Comments on: Is Good Enough Good Enough?

By: jeremy

jeremy — Mon, 31 Aug 2009 20:14:37 +0000

In reply to Aaron Beppu. Btw, I really am not a fan of kosmix or mixing in videos or photos with web pages. If I wanted a photo, I would search on flickr. If I want a video, I’ll search youtube. I’m not sure under what conditions I’ve thought ‘I want kind of online content related to x; I don’t particularly care if it’s a photo or a journal paper or a web page or a news article’. Getting back to the ‘variety versus quality’ point above, I’d rather have separate search engines for web pages, photos, videos and news items that do a decent job than something that combines them all in a way it thinks is superior. Well, then you must currently hate what Google does in its regular results? What do they call it.. Universal Search? Aggregated search? Google mixes results from various types (images, videos, etc.) into a single results list. I agree; I personally like to be able to choose my data type. But from that perspective, Kosmix does a better job than Google, because each of the data types/sources (e.g. Twitter vs. blogs vs images vs video) is clearly labeled and separated. It's not too much of a stretch to imagine an extension to Kosmix in which you can click not a single result, but the category as a whole, and get taken to that vertical. But remember, Kosmix is more than just a mixture of data types. It also has that whole "Related in the Kosmos" section, which is a bit more exploratory.

By: jeremy

jeremy — Mon, 31 Aug 2009 18:49:50 +0000

In reply to Aaron Beppu.

I’ve bought into the relatively narrow box that IR is packaged in

It’s not a bad box to be in. I’m just trying to drive home the point that it’s not the only box.

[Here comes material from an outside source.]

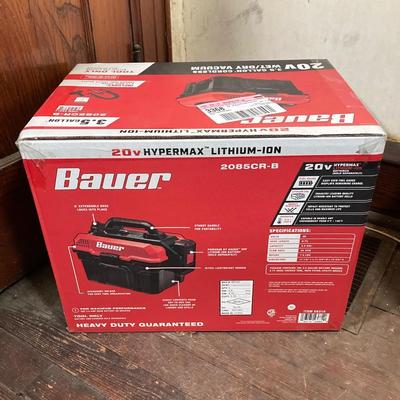 LOT 55: Bauer 3.5 Gallon Cordless Wet / Dry Vacuum with 20v Battery (New in Package)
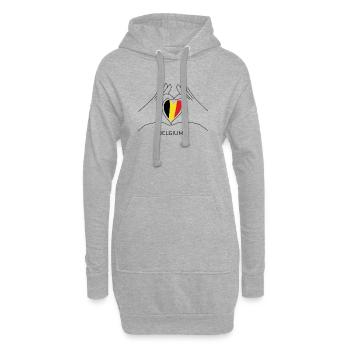 Cœur de fan belge avec drapeau belge Belgique - Sweat-shirt à capuche long Femme - gris chiné - Devant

From this narrow perspective, it doesn’t look like we’re doing that badly on exploratory searches, or that our performance is that different from factoid searches.

This is where I think I disagree. See in my previous comment the Prague Cafes example information need. How well is a ranked list of documents doing on helping meet that information need? Try it yourself. See if you can find the cafe that I’m talking about. See if you can identify more than 2-3 cafes in Prague that are found in passages or down small, side lanes. I personally think we’re doing a terrible job.

That is, I don’t have any particular disagreement with the results I got back (none are useless, and nothing crucial is missing) and the ordering is also fine.

Another example that I like to use is “digital cameras”. I do a G/Y/B search using that query, and it’s true: All 10 of the top results are pretty relevant/useful. However, unlike you, I don’t have a good sense about whether anything crucial is missing. Indeed, if I’m trying to figure out what cameras to buy, what is important in a digital camera, what the best cameras are for various use cases, what things I should look out for, those top 10 links don’t give me any sense of whether I’ve found everything I need to make that decision. I don’t know what I don’t know, and the results of my search also don’t really help me learn what I don’t know.

But stepping back, and asking whether the framework of a query and a results list is appropriate to the information need, I agree. Factoids/lookup fits much better in the current model than exploratory search.

Yes, that was one of my main points.

However, I think the kind of exploratory search you’re talking about, with both exploration of the documents and exploration of the search process is a much harder problem.

I agree; absolutely. But aren’t we up to the challenge? Just because it’s hard, does that mean we will continue to shy away from the problem, the same way we’ve been shying away from the problem on the web for the past 10 years? I’m a researcher; I have to believe that we can do more than we’re currently willing to do.

I don’t know that trying to do that now would actually yield better results.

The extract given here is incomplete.